PROBLEM REQUIREMENTS:
All entries must be set down once more, precisely as given.

THE DATA:

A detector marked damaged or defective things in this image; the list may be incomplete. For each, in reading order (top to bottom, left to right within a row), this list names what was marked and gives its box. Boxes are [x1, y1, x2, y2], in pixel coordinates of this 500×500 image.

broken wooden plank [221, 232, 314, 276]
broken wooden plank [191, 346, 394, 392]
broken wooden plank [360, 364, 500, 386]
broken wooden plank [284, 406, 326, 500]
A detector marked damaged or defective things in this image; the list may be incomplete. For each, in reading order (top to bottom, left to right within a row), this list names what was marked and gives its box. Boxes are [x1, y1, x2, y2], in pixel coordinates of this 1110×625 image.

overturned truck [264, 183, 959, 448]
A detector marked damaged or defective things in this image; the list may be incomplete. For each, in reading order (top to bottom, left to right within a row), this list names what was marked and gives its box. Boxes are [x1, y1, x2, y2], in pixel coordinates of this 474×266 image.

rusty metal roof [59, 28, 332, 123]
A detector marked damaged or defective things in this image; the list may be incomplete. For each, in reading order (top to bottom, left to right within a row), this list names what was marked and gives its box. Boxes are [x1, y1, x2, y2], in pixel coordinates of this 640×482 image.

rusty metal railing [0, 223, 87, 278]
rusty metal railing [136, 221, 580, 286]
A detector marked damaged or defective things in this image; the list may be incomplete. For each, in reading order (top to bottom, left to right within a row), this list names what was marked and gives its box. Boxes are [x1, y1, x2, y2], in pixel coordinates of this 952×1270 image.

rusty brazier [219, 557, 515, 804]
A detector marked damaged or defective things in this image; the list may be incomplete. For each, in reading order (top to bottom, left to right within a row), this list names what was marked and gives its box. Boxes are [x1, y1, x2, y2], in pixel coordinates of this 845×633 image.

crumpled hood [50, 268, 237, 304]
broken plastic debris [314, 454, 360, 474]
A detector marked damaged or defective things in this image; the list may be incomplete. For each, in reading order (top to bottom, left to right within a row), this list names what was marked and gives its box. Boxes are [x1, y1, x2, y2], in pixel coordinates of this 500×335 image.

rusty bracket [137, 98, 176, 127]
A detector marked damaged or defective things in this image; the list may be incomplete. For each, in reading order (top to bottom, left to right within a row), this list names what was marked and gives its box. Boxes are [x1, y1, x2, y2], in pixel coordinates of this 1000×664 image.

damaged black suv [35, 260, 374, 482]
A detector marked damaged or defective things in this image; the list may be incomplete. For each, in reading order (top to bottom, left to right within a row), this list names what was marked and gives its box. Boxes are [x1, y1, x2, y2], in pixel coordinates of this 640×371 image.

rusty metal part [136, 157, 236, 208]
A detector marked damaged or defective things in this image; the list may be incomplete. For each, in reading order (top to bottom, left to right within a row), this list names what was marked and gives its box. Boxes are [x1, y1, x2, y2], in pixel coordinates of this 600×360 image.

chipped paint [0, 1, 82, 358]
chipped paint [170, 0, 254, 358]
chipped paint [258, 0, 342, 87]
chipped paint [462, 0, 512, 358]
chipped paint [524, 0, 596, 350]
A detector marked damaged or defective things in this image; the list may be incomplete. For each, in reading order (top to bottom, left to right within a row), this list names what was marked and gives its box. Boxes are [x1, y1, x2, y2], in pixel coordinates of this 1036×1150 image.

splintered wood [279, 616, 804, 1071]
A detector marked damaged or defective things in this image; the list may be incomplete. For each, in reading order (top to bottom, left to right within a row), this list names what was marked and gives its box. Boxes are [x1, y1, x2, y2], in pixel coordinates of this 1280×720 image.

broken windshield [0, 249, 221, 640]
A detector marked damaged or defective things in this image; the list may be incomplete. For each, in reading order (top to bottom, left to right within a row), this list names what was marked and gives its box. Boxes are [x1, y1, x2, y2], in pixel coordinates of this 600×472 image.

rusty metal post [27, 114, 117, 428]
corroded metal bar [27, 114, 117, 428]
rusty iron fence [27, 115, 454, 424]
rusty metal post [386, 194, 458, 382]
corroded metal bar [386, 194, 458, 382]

TASK ANSWER:
A detector marked damaged or defective things in this image; the list may be incomplete. For each, in reading order (top to bottom, left to right within a row), this list names what was marked and gives its box. Boxes are [x1, y1, x2, y2], in pixel coordinates of this 500×500 image.

broken wooden plank [221, 232, 314, 276]
broken wooden plank [191, 346, 394, 392]
broken wooden plank [360, 364, 500, 386]
broken wooden plank [284, 406, 326, 500]
A detector marked damaged or defective things in this image; the list may be incomplete. For each, in reading order (top to bottom, left to right within a row), this list names what was marked and gives its box. Boxes are [x1, y1, x2, y2], in pixel coordinates of this 1110×625 image.

overturned truck [264, 183, 959, 448]
A detector marked damaged or defective things in this image; the list may be incomplete. For each, in reading order (top to bottom, left to right within a row), this list names what was marked and gives its box. Boxes are [x1, y1, x2, y2], in pixel coordinates of this 474×266 image.

rusty metal roof [59, 28, 332, 123]
A detector marked damaged or defective things in this image; the list may be incomplete. For each, in reading order (top to bottom, left to right within a row), this list names what was marked and gives its box. Boxes are [x1, y1, x2, y2], in pixel coordinates of this 640×482 image.

rusty metal railing [0, 223, 87, 278]
rusty metal railing [136, 221, 580, 286]
A detector marked damaged or defective things in this image; the list may be incomplete. For each, in reading order (top to bottom, left to right within a row), this list names what was marked and gives its box. Boxes are [x1, y1, x2, y2], in pixel coordinates of this 952×1270 image.

rusty brazier [219, 557, 515, 804]
A detector marked damaged or defective things in this image; the list may be incomplete. For each, in reading order (top to bottom, left to right within a row), this list names what was marked and gives its box. Boxes are [x1, y1, x2, y2], in pixel coordinates of this 845×633 image.

crumpled hood [50, 268, 237, 304]
broken plastic debris [314, 454, 360, 474]
A detector marked damaged or defective things in this image; the list may be incomplete. For each, in reading order (top to bottom, left to right within a row), this list names what was marked and gives its box. Boxes are [x1, y1, x2, y2], in pixel coordinates of this 500×335 image.

rusty bracket [137, 98, 176, 127]
A detector marked damaged or defective things in this image; the list may be incomplete. For each, in reading order (top to bottom, left to right within a row), this list names what was marked and gives its box. Boxes are [x1, y1, x2, y2], in pixel coordinates of this 1000×664 image.

damaged black suv [35, 260, 374, 482]
A detector marked damaged or defective things in this image; the list may be incomplete. For each, in reading order (top to bottom, left to right within a row), this list names what was marked and gives its box. Boxes are [x1, y1, x2, y2], in pixel coordinates of this 640×371 image.

rusty metal part [136, 157, 236, 208]
A detector marked damaged or defective things in this image; the list may be incomplete. For each, in reading order (top to bottom, left to right within a row), this list names what was marked and gives its box. Boxes are [x1, y1, x2, y2], in pixel coordinates of this 600×360 image.

chipped paint [0, 1, 82, 358]
chipped paint [170, 0, 254, 358]
chipped paint [258, 0, 342, 87]
chipped paint [462, 0, 512, 358]
chipped paint [524, 0, 596, 350]
A detector marked damaged or defective things in this image; the list may be incomplete. For each, in reading order (top to bottom, left to right within a row), this list names what was marked and gives its box. Boxes are [x1, y1, x2, y2], in pixel coordinates of this 1036×1150 image.

splintered wood [279, 616, 804, 1071]
A detector marked damaged or defective things in this image; the list may be incomplete. For each, in reading order (top to bottom, left to right within a row), this list names what was marked and gives its box. Boxes are [x1, y1, x2, y2], in pixel coordinates of this 1280×720 image.

broken windshield [0, 249, 221, 640]
A detector marked damaged or defective things in this image; the list may be incomplete. For each, in reading order (top to bottom, left to right within a row), this list names what was marked and gives its box. Boxes are [x1, y1, x2, y2], in pixel coordinates of this 600×472 image.

rusty metal post [27, 114, 117, 428]
corroded metal bar [27, 114, 117, 428]
rusty iron fence [27, 115, 454, 424]
rusty metal post [386, 194, 458, 382]
corroded metal bar [386, 194, 458, 382]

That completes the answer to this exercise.